=== Section Start ===
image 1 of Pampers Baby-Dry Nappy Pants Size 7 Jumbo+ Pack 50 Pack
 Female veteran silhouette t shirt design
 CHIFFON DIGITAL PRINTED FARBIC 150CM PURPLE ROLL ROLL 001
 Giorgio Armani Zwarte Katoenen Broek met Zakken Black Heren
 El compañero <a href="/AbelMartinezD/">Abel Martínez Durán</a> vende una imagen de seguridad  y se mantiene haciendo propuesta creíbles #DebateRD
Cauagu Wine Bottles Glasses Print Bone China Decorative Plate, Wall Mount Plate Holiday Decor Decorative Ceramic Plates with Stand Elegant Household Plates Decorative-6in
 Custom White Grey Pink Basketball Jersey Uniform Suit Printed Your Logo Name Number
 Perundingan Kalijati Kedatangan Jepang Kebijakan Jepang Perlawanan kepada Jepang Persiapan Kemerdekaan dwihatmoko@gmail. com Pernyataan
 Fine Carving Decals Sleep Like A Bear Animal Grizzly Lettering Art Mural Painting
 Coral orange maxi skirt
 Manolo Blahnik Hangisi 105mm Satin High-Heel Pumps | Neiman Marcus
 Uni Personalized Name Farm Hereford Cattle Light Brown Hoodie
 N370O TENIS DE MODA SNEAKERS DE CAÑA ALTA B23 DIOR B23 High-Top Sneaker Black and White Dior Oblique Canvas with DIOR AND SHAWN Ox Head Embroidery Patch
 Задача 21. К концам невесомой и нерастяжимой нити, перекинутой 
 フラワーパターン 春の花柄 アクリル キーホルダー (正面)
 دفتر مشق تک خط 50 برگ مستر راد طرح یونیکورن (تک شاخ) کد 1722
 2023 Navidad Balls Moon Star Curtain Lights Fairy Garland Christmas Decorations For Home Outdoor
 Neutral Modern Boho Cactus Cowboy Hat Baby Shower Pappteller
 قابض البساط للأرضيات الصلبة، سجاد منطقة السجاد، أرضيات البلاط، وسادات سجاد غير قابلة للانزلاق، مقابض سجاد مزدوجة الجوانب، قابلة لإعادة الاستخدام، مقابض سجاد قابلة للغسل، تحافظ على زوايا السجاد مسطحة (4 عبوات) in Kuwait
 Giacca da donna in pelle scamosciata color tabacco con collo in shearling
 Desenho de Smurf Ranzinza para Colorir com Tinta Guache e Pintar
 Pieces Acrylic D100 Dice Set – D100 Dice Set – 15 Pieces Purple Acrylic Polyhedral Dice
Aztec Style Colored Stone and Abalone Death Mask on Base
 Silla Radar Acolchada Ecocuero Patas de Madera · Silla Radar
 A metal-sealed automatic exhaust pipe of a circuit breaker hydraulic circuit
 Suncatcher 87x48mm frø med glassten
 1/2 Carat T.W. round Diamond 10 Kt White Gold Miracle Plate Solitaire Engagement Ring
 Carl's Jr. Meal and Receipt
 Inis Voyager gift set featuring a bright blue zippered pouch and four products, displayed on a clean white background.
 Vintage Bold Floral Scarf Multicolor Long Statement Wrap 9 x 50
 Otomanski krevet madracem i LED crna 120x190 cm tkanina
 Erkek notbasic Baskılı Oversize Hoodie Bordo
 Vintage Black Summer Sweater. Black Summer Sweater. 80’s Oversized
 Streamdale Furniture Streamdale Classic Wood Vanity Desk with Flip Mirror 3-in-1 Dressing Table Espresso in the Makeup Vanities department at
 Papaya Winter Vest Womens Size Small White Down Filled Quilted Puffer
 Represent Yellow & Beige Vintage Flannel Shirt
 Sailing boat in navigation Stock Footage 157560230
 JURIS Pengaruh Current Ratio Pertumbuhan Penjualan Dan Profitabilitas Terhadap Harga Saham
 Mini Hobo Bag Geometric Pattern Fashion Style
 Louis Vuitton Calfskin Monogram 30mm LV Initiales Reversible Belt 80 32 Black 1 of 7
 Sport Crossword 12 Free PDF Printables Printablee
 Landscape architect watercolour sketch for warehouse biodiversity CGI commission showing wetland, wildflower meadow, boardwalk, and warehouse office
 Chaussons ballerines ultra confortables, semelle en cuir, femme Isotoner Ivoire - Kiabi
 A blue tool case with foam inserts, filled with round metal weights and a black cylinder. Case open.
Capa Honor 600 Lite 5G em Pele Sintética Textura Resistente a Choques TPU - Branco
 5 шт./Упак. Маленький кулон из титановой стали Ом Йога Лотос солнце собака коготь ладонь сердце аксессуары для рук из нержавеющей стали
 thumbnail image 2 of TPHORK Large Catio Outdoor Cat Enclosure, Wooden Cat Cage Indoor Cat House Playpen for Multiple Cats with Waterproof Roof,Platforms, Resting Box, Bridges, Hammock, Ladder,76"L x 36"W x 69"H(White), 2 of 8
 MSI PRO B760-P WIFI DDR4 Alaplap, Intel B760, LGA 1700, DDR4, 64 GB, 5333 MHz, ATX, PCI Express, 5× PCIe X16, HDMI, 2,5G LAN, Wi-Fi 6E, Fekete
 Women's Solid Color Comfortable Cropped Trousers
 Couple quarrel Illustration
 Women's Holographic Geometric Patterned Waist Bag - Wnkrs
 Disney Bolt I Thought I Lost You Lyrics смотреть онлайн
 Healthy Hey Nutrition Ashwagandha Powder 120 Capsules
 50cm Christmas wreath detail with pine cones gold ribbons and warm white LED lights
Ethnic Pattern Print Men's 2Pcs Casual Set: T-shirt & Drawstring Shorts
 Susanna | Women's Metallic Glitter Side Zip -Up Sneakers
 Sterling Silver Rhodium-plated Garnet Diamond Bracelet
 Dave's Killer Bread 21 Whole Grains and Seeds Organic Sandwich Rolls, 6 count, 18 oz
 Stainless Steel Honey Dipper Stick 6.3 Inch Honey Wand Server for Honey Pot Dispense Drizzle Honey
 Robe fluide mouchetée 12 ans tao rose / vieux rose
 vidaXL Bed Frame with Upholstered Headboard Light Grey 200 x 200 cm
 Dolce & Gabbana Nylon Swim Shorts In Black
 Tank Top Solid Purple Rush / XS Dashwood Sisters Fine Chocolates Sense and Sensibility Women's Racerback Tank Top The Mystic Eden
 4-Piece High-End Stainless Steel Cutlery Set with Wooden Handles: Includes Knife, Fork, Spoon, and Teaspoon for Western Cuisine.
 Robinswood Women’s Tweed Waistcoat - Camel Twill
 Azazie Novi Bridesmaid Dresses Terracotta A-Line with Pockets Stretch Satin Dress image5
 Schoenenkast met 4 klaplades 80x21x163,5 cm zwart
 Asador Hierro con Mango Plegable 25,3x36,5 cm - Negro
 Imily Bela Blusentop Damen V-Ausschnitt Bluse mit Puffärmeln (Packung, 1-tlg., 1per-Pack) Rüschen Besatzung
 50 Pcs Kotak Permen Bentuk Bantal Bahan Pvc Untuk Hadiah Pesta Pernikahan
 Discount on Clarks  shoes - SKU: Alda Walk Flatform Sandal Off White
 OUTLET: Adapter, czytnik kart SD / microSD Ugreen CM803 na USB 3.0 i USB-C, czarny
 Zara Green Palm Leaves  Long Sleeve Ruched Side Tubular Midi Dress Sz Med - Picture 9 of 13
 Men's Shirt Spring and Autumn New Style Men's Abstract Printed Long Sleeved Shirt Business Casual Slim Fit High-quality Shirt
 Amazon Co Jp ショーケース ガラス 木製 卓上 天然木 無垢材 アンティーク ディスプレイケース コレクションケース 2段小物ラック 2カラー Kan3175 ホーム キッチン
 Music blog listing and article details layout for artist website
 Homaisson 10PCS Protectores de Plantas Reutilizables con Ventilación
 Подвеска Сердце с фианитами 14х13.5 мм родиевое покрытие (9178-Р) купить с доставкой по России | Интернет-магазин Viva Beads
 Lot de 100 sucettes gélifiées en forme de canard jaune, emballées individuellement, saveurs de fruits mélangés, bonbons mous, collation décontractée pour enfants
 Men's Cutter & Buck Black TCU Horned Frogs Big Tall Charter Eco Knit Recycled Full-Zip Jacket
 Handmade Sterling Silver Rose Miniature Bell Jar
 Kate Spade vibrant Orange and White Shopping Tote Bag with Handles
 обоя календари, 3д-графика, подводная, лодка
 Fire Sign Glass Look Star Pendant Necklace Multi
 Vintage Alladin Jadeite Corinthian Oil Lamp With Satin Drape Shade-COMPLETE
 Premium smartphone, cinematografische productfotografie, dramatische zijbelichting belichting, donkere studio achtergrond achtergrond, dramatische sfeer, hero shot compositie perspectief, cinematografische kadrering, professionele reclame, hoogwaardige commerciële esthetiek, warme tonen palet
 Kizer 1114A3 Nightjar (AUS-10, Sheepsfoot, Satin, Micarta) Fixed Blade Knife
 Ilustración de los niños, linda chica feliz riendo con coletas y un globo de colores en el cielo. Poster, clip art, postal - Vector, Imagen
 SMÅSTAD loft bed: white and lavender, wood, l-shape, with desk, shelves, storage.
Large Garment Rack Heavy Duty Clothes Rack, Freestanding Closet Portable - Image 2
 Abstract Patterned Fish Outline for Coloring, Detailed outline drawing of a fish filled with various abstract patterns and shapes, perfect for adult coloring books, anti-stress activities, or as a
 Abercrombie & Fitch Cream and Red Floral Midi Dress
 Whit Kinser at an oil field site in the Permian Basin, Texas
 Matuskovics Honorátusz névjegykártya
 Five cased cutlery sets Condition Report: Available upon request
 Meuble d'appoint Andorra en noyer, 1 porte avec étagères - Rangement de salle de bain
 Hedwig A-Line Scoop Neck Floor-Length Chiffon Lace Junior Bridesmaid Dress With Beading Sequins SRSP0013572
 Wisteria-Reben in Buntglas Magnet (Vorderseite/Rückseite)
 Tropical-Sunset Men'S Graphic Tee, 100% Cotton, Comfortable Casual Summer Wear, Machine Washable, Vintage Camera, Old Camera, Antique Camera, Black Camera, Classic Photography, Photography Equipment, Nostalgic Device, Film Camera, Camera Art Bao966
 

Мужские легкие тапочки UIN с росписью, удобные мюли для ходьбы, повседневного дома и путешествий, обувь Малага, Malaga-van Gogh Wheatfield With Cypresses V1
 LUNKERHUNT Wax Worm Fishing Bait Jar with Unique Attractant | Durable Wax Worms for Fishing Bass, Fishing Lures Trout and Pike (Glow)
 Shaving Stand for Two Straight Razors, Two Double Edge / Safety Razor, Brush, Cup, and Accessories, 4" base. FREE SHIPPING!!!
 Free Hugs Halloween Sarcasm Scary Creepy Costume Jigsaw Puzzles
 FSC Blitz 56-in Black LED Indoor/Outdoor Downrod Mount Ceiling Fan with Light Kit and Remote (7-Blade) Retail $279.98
=== Section End ===
- [WHAT YOU WILL DO]: In the listing above, find the line with "Sterling Silver Rhodium-plated" and the line with "Подвеска Сердце с"; set down exactly those two lines and every line between them, nothing more.

- [RESPONSE TO THE EXERCISE]:
 Sterling Silver Rhodium-plated Garnet Diamond Bracelet
 Dave's Killer Bread 21 Whole Grains and Seeds Organic Sandwich Rolls, 6 count, 18 oz
 Stainless Steel Honey Dipper Stick 6.3 Inch Honey Wand Server for Honey Pot Dispense Drizzle Honey
 Robe fluide mouchetée 12 ans tao rose / vieux rose
 vidaXL Bed Frame with Upholstered Headboard Light Grey 200 x 200 cm
 Dolce & Gabbana Nylon Swim Shorts In Black
 Tank Top Solid Purple Rush / XS Dashwood Sisters Fine Chocolates Sense and Sensibility Women's Racerback Tank Top The Mystic Eden
 4-Piece High-End Stainless Steel Cutlery Set with Wooden Handles: Includes Knife, Fork, Spoon, and Teaspoon for Western Cuisine.
 Robinswood Women’s Tweed Waistcoat - Camel Twill
 Azazie Novi Bridesmaid Dresses Terracotta A-Line with Pockets Stretch Satin Dress image5
 Schoenenkast met 4 klaplades 80x21x163,5 cm zwart
 Asador Hierro con Mango Plegable 25,3x36,5 cm - Negro
 Imily Bela Blusentop Damen V-Ausschnitt Bluse mit Puffärmeln (Packung, 1-tlg., 1per-Pack) Rüschen Besatzung
 50 Pcs Kotak Permen Bentuk Bantal Bahan Pvc Untuk Hadiah Pesta Pernikahan
 Discount on Clarks  shoes - SKU: Alda Walk Flatform Sandal Off White
 OUTLET: Adapter, czytnik kart SD / microSD Ugreen CM803 na USB 3.0 i USB-C, czarny
 Zara Green Palm Leaves  Long Sleeve Ruched Side Tubular Midi Dress Sz Med - Picture 9 of 13
 Men's Shirt Spring and Autumn New Style Men's Abstract Printed Long Sleeved Shirt Business Casual Slim Fit High-quality Shirt
 Amazon Co Jp ショーケース ガラス 木製 卓上 天然木 無垢材 アンティーク ディスプレイケース コレクションケース 2段小物ラック 2カラー Kan3175 ホーム キッチン
 Music blog listing and article details layout for artist website
 Homaisson 10PCS Protectores de Plantas Reutilizables con Ventilación
 Подвеска Сердце с фианитами 14х13.5 мм родиевое покрытие (9178-Р) купить с доставкой по России | Интернет-магазин Viva Beads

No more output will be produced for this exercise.